But in this summer slip, the Globe was in good company. In the July 30 issue of the New Yorker, David Remnick, in his Letter from Jerusalem, made the same mistake when he wrote of "Burg’s . . . flouting of the fact that he holds a French passport, because his wife is French-born."

Geoff Pullum commented on the New Yorker's flub on Language Log:

I think (I have no quantitative backup) it is more usual for flaunt to be used where flout was meant, and I can see why there is confusion in that direction: you can boastfully exhibit your contempt for normal standards, and thus flaunt your flouting of them.

I too think of flaunt for flout as the more common mistake, but a week's worth of newspaper data doesn't back up that guess. In the Nexis database of US newspapers, flaunt appeared 41 times; it was correct 39 times and incorrect twice.

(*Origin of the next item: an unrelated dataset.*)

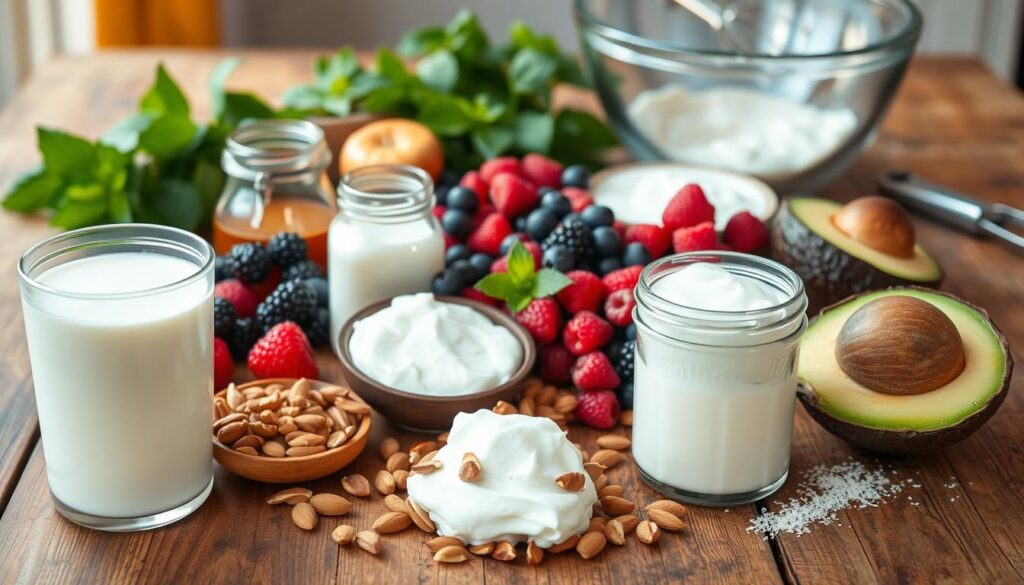 A neatly arranged still life on a rustic wooden table, centered with a variety of essential dairy-free ice cream ingredients. In the foreground, a glass container filled with creamy almond milk, a scoop of coconut cream, and a handful of chopped nuts. In the middle ground, an assortment of fresh berries, a jar of maple syrup, and a ripe avocado. In the background, a bundle of mint leaves, a zester, and a mixing bowl. The scene is bathed in warm, natural lighting, creating a cozy, homemade atmosphere. The overall composition emphasizes the simplicity and quality of the ingredients, inviting the viewer to imagine the delicious dairy-free treat that can be crafted from this selection.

Flout was indeed less common overall -- it showed up just 16 times -- but in one of those, it should have been flaunt. So flout was used wrongly twice in 41 cites, or nearly 5 percent of the time; flaunt was wrong once in 16 outings, or 6 percent of the time.

No, that's not a big enough sample to prove anything. But just for fun, I checked a couple of other common errors over the same one-week period:

Infer was used to mean imply seven times in a total 19 instances, or 37 percent of the time. Feel bad, the topic of a discussion in Miss Conduct's blog, got about 200 hits; the less accepted feel badly got only 19, about 9 percent of the total.

Most of the allegedly common errors in English are harder to interpret, though, because they're often just spelling errors. For instance, 12 of the 36 examples of loathe in my sample week were not uses of the verb ("I loathe him") but misspellings of the adjective loath ("She was loathe to admit it"). That's a high percentage of goofs -- but they're all misspellings, not "confusions" of words.

I don't mean to suggest that spelling isn't important. But when someone mixes up the spellings of Neiman Marcus and the Nieman Foundation, we don't say he's confusing the department store with the journalism outfit. Why do we think it's so much worse to type your for you're or flack for flak? (That's not a rhetorical question; send answers, please.)